Weyward
- First edition cover
- Author: Emilia Hart
- Language: English
- Genre: Historical fiction
- Published: March 7, 2023
- Publisher: St. Martin's Press
- Publication place: United States
- Media type: Print (hardcover)
- Pages: 336
- ISBN: 978-1250280800

= Weyward =

2023 novel by Emilia Hart

Weyward is a 2023 novel by British-Australian writer Emilia Hart. The novel is historical fiction with elements of the supernatural. A story of female power and resilience, it has been called an example of feminist "witcherature."

== Plot ==
The novel intertwines three stories of different women throughout history: Altha in the 1600s, Violet in the 1940s, and Kate in the present day. As each of them faces obstacles because of their gender, each also has access to a mysterious power that comes from nature.

== Reception ==
Weyward debuted at number 8 on The New York Times bestseller list.
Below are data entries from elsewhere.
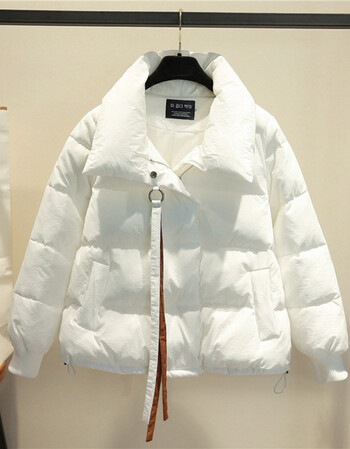 2017冬装新款韩版加厚面包服外套短款女装显瘦小女 白色 l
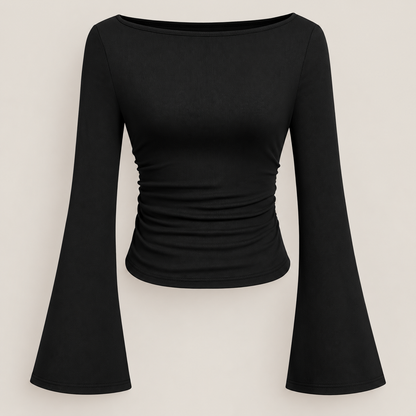 Women's Boat Neck Ruched Bell Sleeve Top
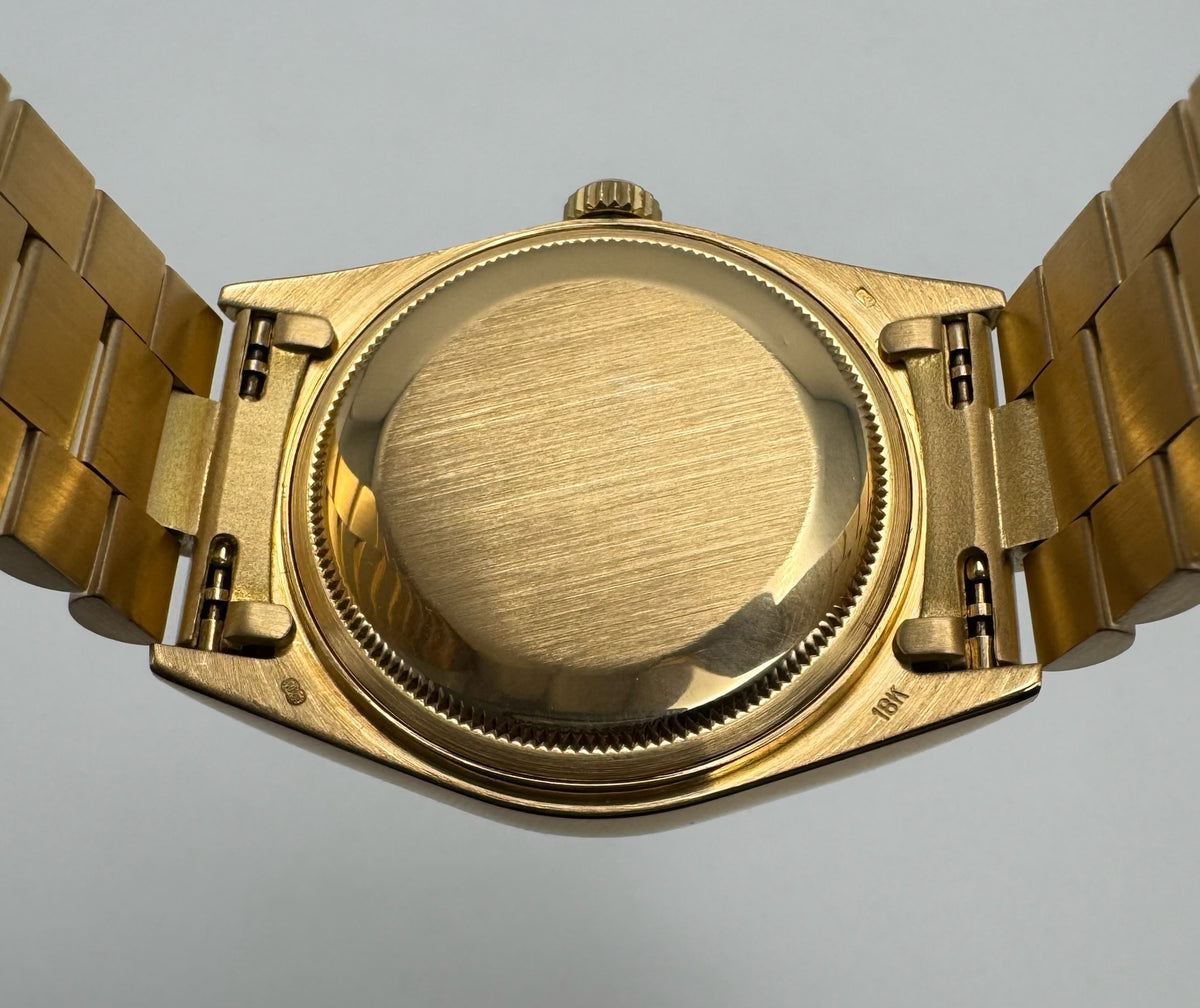 Rolex Day-Date 18038 Yellow Gold Burl Wood Dial Rare 1986 (Full-Set/Serviced)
A review in BookPage magazine stated, "Most of the novel's men are portrayed as unremittingly villainous, and some readers will wish for a little more complexity there. Still, Weyward is a satisfying, well-plotted historical page turner and a welcome addition to the feminist field of 'witcherature.'" Kirkus Reviews noted that the book "captures the ways patriarchy has sought to limit women for all of history and the ways women have found to carve out freedom for themselves," and called it a "successful blend of historical fiction and modern feminism." Publishers Weekly called Weyward "captivating" and "triumphant," stating that "Hart skillfully weaves together the stories of the determined women, showing how they confronted a patriarchal society to take control of their lives."